(Beginning of Given data)

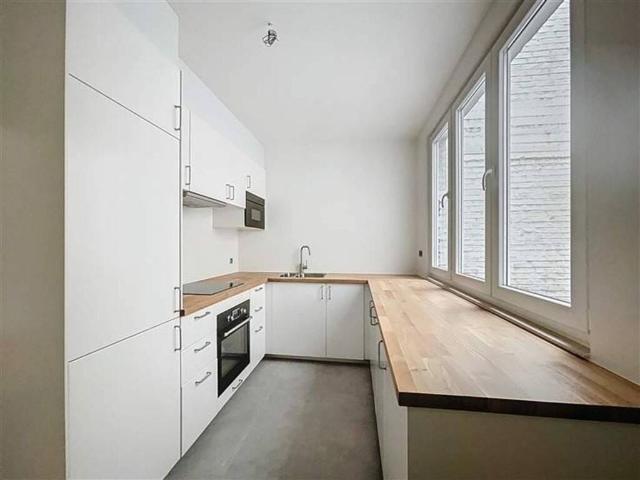 Appartement vente à Namen, Wallonie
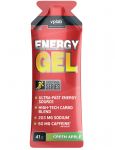 Energy Gel + caffeine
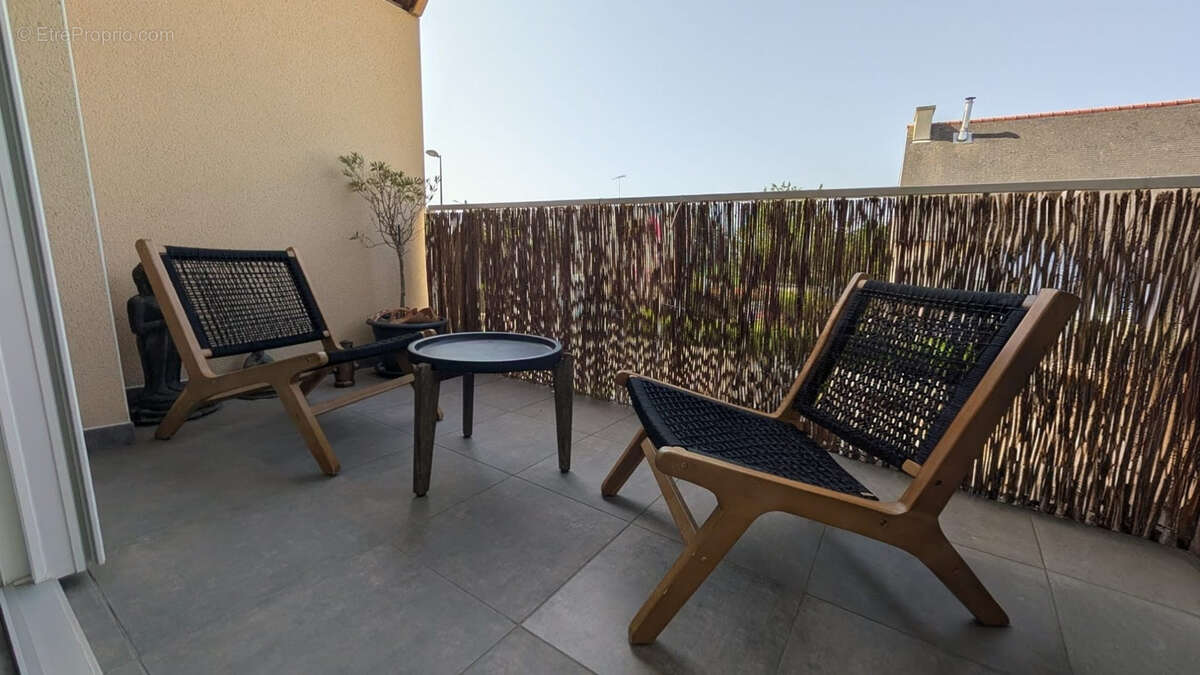 Appartement à ERQUY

(End of Given data)

## Problem:
Give back the data verbatim. The pictures are not part of the copy.

## Written solution:
 Appartement vente à Namen, Wallonie
 Energy Gel + caffeine
 Appartement à ERQUY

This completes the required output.